I first saw this peaches and cream trifle idea on my Instagram friend Yoga of Cooking's blog - her recipe looked so summery and delicious, I knew i had to try it out.
Angel food cake reminds me of growing up - my dad always really liked it. And now with all this summer produce bounty, I have been going nuts in the kitchen with summer, fruit-forward baking. I also got like 10 peaches in my Imperfect Produce box this week that were 3 days out from going bad, so I needed to make a peach-heavy recipe, stat. Enter peach and blueberry trifle!
Rosana's recipe called for a cream cheese whipped cream, but I rarely have cream cheese in my fridge - and I do nearly always have greek yogurt. I looooove mixing greek yogurt into whipped cream - it makes it thick and adds a zing to the whole thing.
Layer the ingredients - cake, cream, fruit - in a trifle dish like this one. Or just use a big vase - that works too.
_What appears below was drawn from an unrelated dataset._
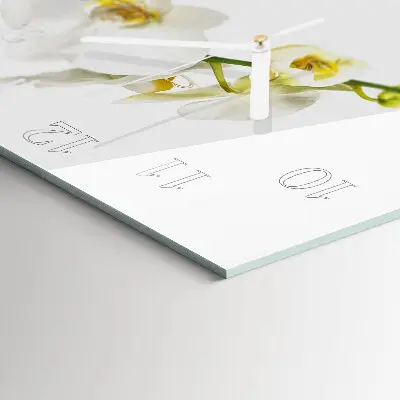 Quadratische wanduhr modern Orchidee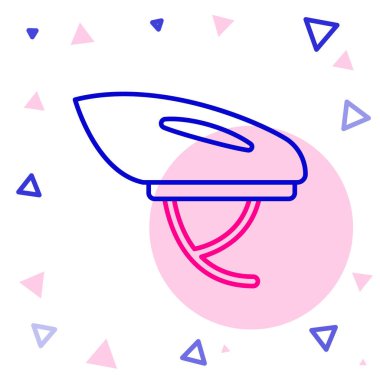 Çizgi bisiklet başlığı simgesi beyaz arkaplanda izole edildi. Olağanüstü bir spor. Spor malzemeleri. Renkli taslak konsepti. Vektör.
Alternating layers of angel food cake with greek yogurt whipped cream and fresh summer fruit - I used peaches and blueberries but you could use nectarines, plums, apricots, or any berry you want - this recipe came together quickly and feels light enough to enjoy for breakfast - not just dessert or a special occasion.
📖 Recipe
Peach and Blueberry Trifle Cake Recipe
Ingredients
- Angel Food Cake - sourced from Yoga of Cooking - or buy one at the store! no shame!
- 1 ½ cup egg whites about 10–12 medium eggs, room temperature
- 1 ¼ teaspoon cream of tartar
- 1 teaspoon vanilla extract
- 1 ¼ cup caster sugar
- ¼ teaspoon kosher salt
- 1 cup cake flour sifted
- ½ cup powdered sugar
- Greek Yogurt Whipped Cream
- 1 ¾ cup heavy whipping cream
- ¼ cup powdered sugar
- 1 cup full-fat Greek yogurt
- Fruit + Toppings
- 6 ripe peaches
- 1 quart of blueberries
Instructions
- Make the angel food cake. Preheat the oven to 350F. In the bowl of a stand mixer fitted with a whisk attachment, whip the egg whites with the cream of tartar until soft peaks have formed. While the egg whites are mixing, sift together the cake flour and powdered sugar. Back to the egg whites: Add in the vanilla extract and salt, and mix to combine. Then add in the caster (which is just super-fine sugar) sugar, 1 tablespoon at a time, until the egg whites are glossy and forming stiff peaks. Fold in the cake flour/powdered sugar combo, and then pour the batter into a non-greased angel food cake pan. Bake at 350F for 30ish minutes, until the cake springs to the touch. Let it cool in the pan upside down for a good 1-2 hours - and check out this video for how to get the cake out of the pan if it’s stuck.
- Make the greek yogurt whipped cream. In the bowl of a stand mixer fitted with a whisk attachment, mix the heavy whipping cream with ¼ cup of powdered sugar until soft peaks are forming. Then add in a cup of full-fat Greek yogurt, and mix a few more times to combine.
- Assemble the trifle. Cube the angel food cake into bitesize pieces. Do a layer of angel food cake, then a layer of whipped cream, then a layer of fruit, and repeat until the trifle dish is full. Set in the fridge so the flavors can marry for a few hours, and serve!